The powers behind New York's financially challenged Capital City are always on the lookout for ways to avoid red ink...    "The admonition from the budget office and the mayor's office was that if you could find savings within your own budget, you could re-apply those savings to staff raises. And our budget, which is staff-heavy, not a lot of other costs there to be cut, really lent itself to only one place to find savings in my budget. That was from my salary."

That's City Treasurer Darius Shahinfar, who is making a bold move: he wants to cut his own paycheck by nearly a third to fund raises for the 17 people staffing his office, who haven't seen a pay increase in years.  "I don't want to get into a situation which has happened in other municipalities and certainly in city hall particularly in the Corporation Counsel's office where we began to lose people with long-running institutional knowledge of the city because they're taking higher salaries elsewhere. That's really what this is to prevent because once that does happen, then the raises have to come from somewhere else at that point, and that's a big loss to the city."

Mayor Kathy Sheehan weighs in:    "I think it really is something that the common council needs to take a close look at. It would require legislation, as I understand it, and I think that that legislation would have to permanently reduce the salary of the city treasurer."

So the onus is on the common council to determine if it has legal authority to adjust Shahinfar's pay at this point in his term. Would he merely be giving back part of his salary or re-setting the pay rate for treasurer?   "State law and local law usually prevents an elected official from having their salary cut. Those rules pre-suppose that that cut is coming from the budgeting authority. The mayor, the town supervisor, the legislative body.
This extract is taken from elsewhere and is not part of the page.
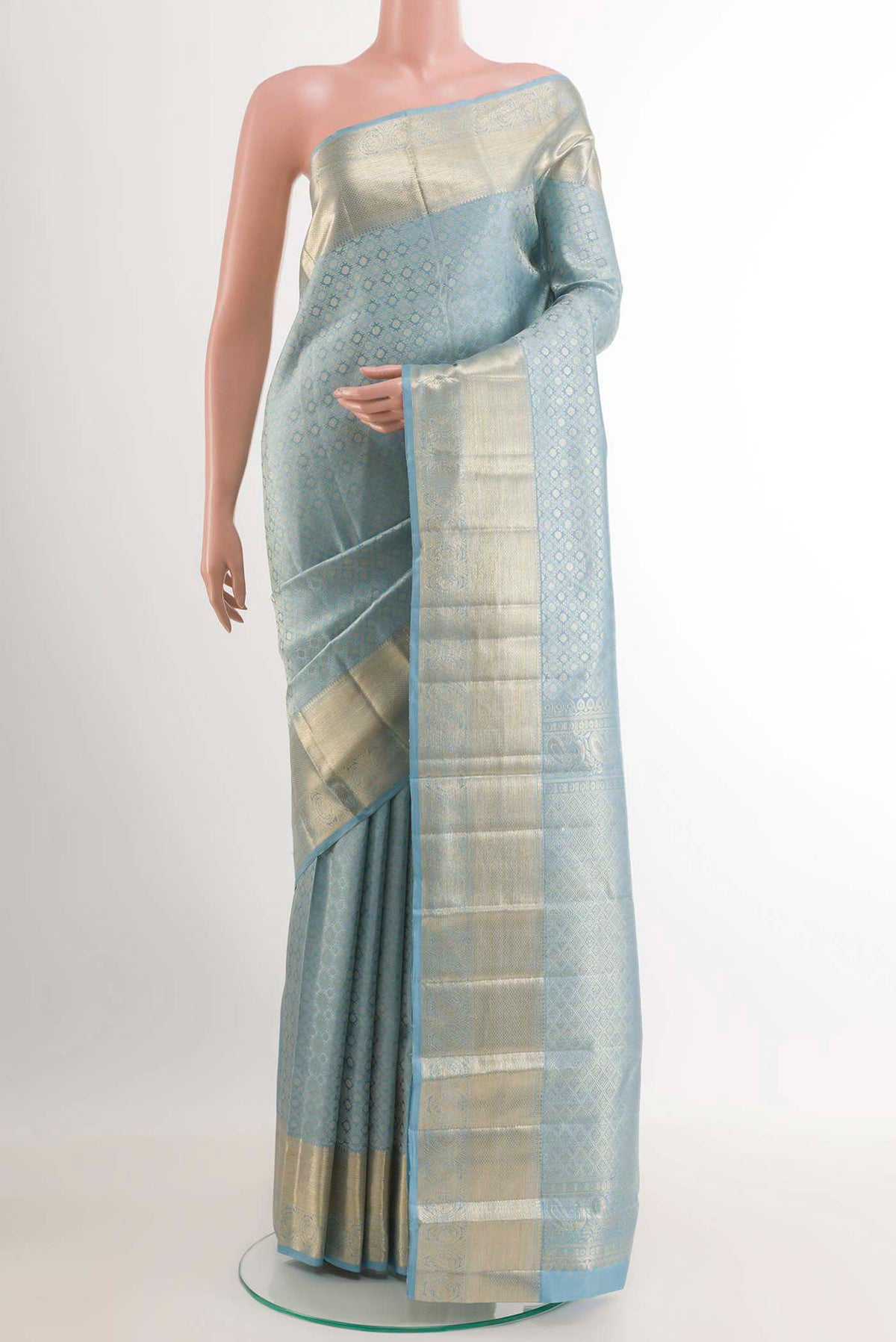 Blue Kanchipuram Silk Saree with Zari Brocade on the body and Zari Border.  displayed on a mannequin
This is an unorthodox way of doing it because the elected official is seeking to have his own salary cut.  While I think that there are certainly questions for the council to hash through, I think that this is something that we can find a way to do, and, also work in the concerns that they have with the salary for this position going forward. There's nothing that prevents salary from being increased down the road, and there's nothing to prevent changes to my salary, the treasurer's salary in the office going forward. We need not look so strictly at the way the rules work because they work for a purpose that is not really applicable here, in my view."

As noble as Shahinfar's intentions may be, the move comes close to the next citywide election.  Common Council member Frank Commisso, who may run citywide, thinks the treasurer is pulling a political stunt, trying to distract voters from his record:  "It certainly seems like a gimmick to me and wasn't even part of his budget proposal. And I think it was a last-minute ploy that was put together really to, try to, A, district from his record and B, to make the position less attractive to actual qualified opposition next year for citywide elections."

Shahinfar, who will seek a second four-year term next year, retorts:   "If this is a political gimmick, then I think more public employees could use a gimmick like this."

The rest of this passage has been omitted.